* **Source information**
▼
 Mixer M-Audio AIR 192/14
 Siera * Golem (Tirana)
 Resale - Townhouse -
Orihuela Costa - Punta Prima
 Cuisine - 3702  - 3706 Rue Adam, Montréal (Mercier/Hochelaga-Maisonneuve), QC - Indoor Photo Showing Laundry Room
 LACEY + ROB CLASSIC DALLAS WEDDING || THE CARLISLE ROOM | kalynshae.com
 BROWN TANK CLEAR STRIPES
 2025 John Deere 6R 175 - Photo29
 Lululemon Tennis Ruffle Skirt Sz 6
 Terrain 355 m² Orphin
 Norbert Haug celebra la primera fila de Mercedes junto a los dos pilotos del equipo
▲
▼
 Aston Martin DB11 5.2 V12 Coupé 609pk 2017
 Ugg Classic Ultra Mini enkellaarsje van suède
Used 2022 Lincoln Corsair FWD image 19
▲
* **Exercise description**
The line above containing "Orihuela Costa - Punta Prima", the line containing "Norbert Haug celebra", and every line between them are to be transcribed exactly; no other line is wanted.

* **Solution to this problem**
Orihuela Costa - Punta Prima
 Cuisine - 3702  - 3706 Rue Adam, Montréal (Mercier/Hochelaga-Maisonneuve), QC - Indoor Photo Showing Laundry Room
 LACEY + ROB CLASSIC DALLAS WEDDING || THE CARLISLE ROOM | kalynshae.com
 BROWN TANK CLEAR STRIPES
 2025 John Deere 6R 175 - Photo29
 Lululemon Tennis Ruffle Skirt Sz 6
 Terrain 355 m² Orphin
 Norbert Haug celebra la primera fila de Mercedes junto a los dos pilotos del equipo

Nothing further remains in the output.